Her views on the Israeli-Palestinian conflict, she says, have been strongly influenced by her own family’s experiences.
“When India and Pakistan were divided overnight by partition [in 1947], my parents − who were little children then − were immediately relocated because they were in Hindu territory,” recalls Ahmed. “When I lived in Saudi or traveled to other countries in this region, one of the most vociferous things I would hear is that, because of Israel, the Palestinians were dispossessed from their property and land.
“I don’t know about the Israeli-Palestinian conflict in any kind of detail or with any kind of authority, but I do know what it was like for my parents to move with their parents because there were new borders, and I’ve seen how they’ve created lives migrating again. I also see how people came to Israel, some of them barely surviving the Holocaust, to a land where they were not used to the climate and where they had no family, and yet somehow managed to build this extraordinary, complicated nation. Some people will think it’s an unfair comparison, but both Israel and Pakistan were created to protect a minority that global powers believed was being persecuted.”

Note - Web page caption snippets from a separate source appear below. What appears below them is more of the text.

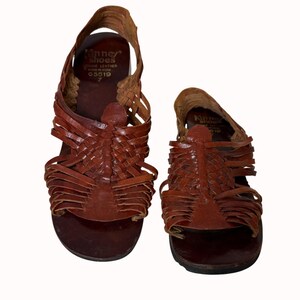 May include: Pair of brown leather sandals with woven straps. The sandals have a flat sole and a strap that goes around the ankle. The brand name "Kinney Shoes" is visible on the insole.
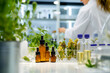 Amber bottles containing herbal extracts or essential oils on a lab table, with floral herbal samples in a clear box, and a blurred female researcher conducting extraction experiments in background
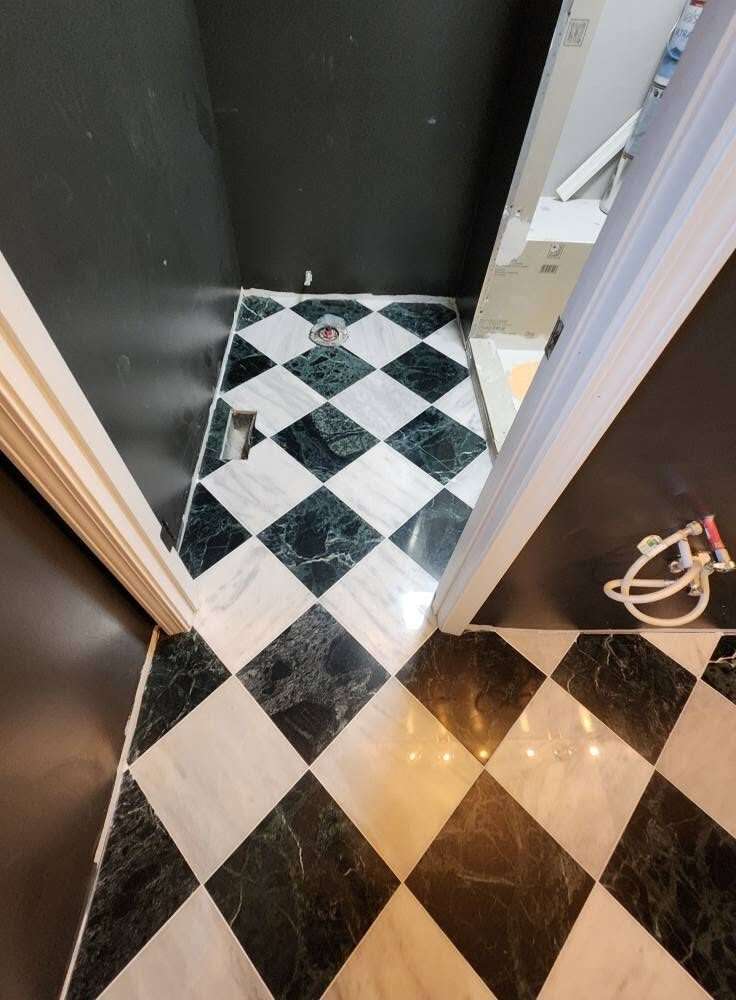 Bathroom after remodel with glass shower door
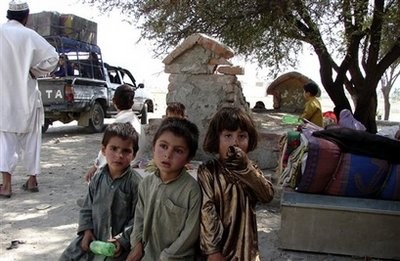 Pakistani tribal families of South Waziristan area fleeing their hometown, arrive in Miran Shah, capital of Pakistani tribal area of North Waziristan. Pakistani tribal families of South Waziristan area fleeing their hometown, arrive in Miran Shah, capital of Pakistani tribal area of North Waziristan.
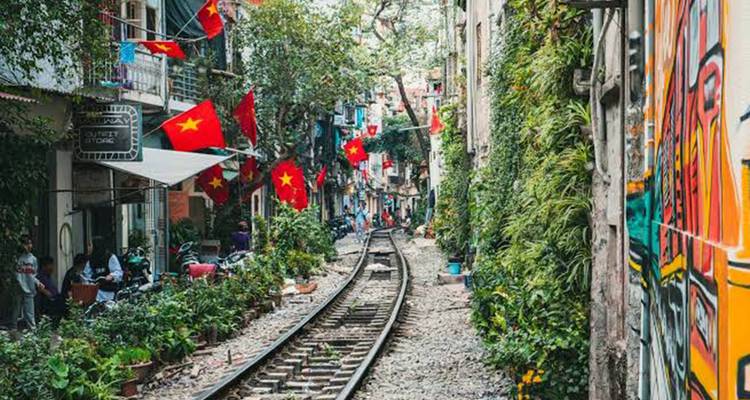 Railway track runs between narrow residential buildings adorned with Vietnamese flags in Hanoi Train Street.
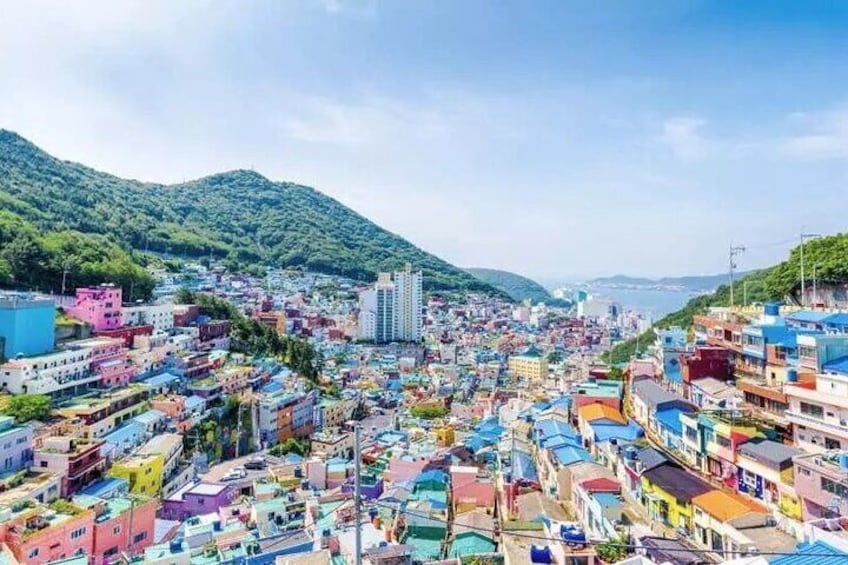 Una zona urbana densamente poblada con edificios coloridos, rodeada de colinas verdes. 2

Does that justify the Israeli occupation? No, responds Ahmed, describing the occupation as a “terrible burden” both on the Palestinians and on Israel. “Those who are occupied are not liberated and not autonomous, but the occupation is also a burden on Israel for the same reasons it was on the U.S. in Iraq − it involves huge costs, a huge price and huge risks.”
Still, Ahmed admits, she’s not sure what the alternative is: “I’m well acquainted with Jihadist ideology and suicide bombers in Pakistan, so I don’t know what you do apart from building a wall to safeguard the Israeli territory. How do you relinquish control when there’s a virulent Jihadist ideology and many Muslin leaders outside the region who say that not only shouldn’t Israel be recognized, but it shouldn’t be there at all?”

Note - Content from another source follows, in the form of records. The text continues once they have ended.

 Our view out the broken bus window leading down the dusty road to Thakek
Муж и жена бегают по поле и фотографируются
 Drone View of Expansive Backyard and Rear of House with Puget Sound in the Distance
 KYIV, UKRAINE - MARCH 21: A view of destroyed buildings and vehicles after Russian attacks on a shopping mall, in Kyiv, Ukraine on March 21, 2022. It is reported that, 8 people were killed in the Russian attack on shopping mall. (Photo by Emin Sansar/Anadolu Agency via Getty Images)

Her professional medical work, she says, has also been instrumental in shaping her political mind-set. In recent years, at her sleep disorder center, she began treating policemen, firemen and other individuals who were first and second responders when the Twin Towers collapsed in New York City on September 11, 2001. “It made me even more committed to distinguishing violent political Islamist ideology and nonviolent political Islam from what I see as my faith, because I can see the suffering caused by this deviant ideology,” she explains.
Ahmed doesn’t draw the line with radical Islam, coming down strongly on her new adopted homeland for its drone attacks on the tribal territories of Pakistan. “I’ve seen acres and acres of patients suffering from PTSD because of these attacks,” she says, “but am I going to abandon the U.S. because they’re using this barbaric technology with impunity? No, I’m going to stay and try to educate. And by the way, that’s how I feel about Israel, too.”
If there’s one thing that’s impressed her beyond all in Israel, says Ahmed, it’s the level of religious freedom and pluralism enjoyed in the country. “One thing you can’t complain about here is the right to worship as you see fit,” she remarks.
When told that many Israelis would find that statement almost laughable, considering the recent battle over the rights of women to pray as they see fit at the Western Wall, she responds: “I’ve heard these arguments in Reform synagogues in Long Island, and I was absolutely agog. But the fact is that at the wall, women are able to pray. In Saudi Arabia, in Mecca, there are now moves to confine where women can pray. American Reform Jews who complain that they’re not recognized here, I invite them to please visit parts of the world that I’ve seen where religious freedom is completely lacking. There’s no comparison. Absolutely no comparison.”